I) Como garantia do pagamento de
todas as responsabilidades assumidas ou a assumir pela MX, Lda., até ao valor
de capital de € 2.000.000,00, no valor máximo assegurado de € 2.699.800,00,
provenientes de todas e quaisquer operações bancárias, bem como dos respectivos
juros remuneratórios acordados e das despesas havidas - que se computaram para
efeitos de registo em € 80.000,00 - foi constituída uma hipoteca, a favor do BC,
S.A., sobre os seguintes imóveis:
a) Prédio urbano constituído por
lote de terreno para construção, designado por lote cinco, sito (…), descrito
na Conservatória do Registo Predial de (…) sob o n.º 15251 do livro B - 39
(actual descrição 3298 da freguesia de …), inscrito na respectiva matriz sob o
artigo 2732 (actual 5709);
b) Prédio urbano constituído por
lote de terreno para construção, designado por lote quarenta e cinco, sito em (…),
descrito na Conservatória do Registo Predial de (…) sob o n.º 3645, inscrito na
respectiva matriz sob o artigo 5566.
J) O prédio referido na alínea a)
foi constituído em propriedade horizontal e dividido em várias fracções, entre
as quais as seguintes: “T”, “Z”, “AC”, “AF”, “AL”, e “AM”.
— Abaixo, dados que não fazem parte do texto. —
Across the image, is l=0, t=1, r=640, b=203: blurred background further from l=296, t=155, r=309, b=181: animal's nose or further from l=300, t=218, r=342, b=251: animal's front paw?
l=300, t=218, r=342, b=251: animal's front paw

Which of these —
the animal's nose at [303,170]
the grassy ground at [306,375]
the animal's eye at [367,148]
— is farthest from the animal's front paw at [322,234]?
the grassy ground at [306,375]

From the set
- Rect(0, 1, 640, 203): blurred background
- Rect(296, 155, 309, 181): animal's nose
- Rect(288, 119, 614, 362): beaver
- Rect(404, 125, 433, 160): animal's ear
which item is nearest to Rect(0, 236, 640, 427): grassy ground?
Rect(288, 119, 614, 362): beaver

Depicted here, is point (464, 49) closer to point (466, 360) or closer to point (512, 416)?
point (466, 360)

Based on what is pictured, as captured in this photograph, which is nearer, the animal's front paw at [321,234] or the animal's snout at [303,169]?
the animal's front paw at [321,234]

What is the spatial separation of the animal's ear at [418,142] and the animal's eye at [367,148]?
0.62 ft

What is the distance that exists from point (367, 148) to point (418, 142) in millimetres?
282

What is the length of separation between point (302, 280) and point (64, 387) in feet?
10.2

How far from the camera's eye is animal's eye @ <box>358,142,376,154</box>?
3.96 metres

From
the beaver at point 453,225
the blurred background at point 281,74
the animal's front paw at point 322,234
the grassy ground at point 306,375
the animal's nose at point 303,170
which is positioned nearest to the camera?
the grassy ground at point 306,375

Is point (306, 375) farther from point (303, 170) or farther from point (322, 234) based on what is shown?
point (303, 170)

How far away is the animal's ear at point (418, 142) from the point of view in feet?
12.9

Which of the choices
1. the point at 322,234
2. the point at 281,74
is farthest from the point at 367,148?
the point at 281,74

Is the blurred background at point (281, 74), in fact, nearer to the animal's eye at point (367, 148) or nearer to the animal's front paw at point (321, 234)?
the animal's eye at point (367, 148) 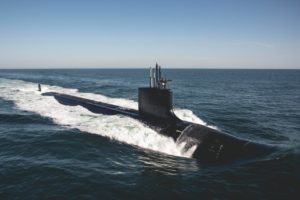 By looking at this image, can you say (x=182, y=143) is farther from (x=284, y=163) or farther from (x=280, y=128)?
(x=280, y=128)

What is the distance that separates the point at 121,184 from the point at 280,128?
1653 centimetres

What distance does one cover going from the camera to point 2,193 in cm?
→ 978

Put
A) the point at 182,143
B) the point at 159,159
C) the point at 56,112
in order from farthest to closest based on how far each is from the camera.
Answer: the point at 56,112
the point at 182,143
the point at 159,159

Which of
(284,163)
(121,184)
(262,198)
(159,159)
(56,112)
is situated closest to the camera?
(262,198)

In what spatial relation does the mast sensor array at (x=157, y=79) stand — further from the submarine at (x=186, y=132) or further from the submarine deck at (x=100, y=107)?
the submarine deck at (x=100, y=107)

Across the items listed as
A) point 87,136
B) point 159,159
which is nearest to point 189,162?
point 159,159

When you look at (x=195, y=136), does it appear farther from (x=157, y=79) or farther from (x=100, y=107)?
(x=100, y=107)

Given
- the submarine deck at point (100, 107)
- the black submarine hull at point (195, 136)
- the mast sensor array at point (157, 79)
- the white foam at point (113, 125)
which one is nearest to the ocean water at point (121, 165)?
the white foam at point (113, 125)

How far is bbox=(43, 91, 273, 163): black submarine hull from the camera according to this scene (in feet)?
43.7

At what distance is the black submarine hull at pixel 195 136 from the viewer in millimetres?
13328

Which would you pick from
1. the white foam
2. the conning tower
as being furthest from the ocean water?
the conning tower

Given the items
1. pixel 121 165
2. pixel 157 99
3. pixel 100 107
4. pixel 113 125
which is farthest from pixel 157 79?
pixel 100 107

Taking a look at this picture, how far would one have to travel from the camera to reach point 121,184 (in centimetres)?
1067

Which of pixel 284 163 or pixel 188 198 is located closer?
pixel 188 198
K) Sucede que estes imóveis
encontram-se actualmente registados a favor da ora recorrente na Conservatória do
Registo Predial de (…), pela Ap. 16 de 2006/09/22.
L) E não obstante ter sido
concretizada a transmissão de propriedade, os imóveis dados como garantia
continuam onerados com a supra mencionada inscrição hipotecária, nos exactos
termos em que a mesma foi constituída a favor do BC, S.A., a qual se transmite
com a transmissão de propriedade.
M) Sendo de ressalvar desde já que
a recorrida não renunciou àquelas garantias, nem, tão pouco, foi ressarcida da
totalidade da dívida.
N) Pelo que, os imóveis continuam
a garantir o crédito que goza de garantia real por força do direito de sequela
plasmado nos artigos 721.º e 818.º do CC.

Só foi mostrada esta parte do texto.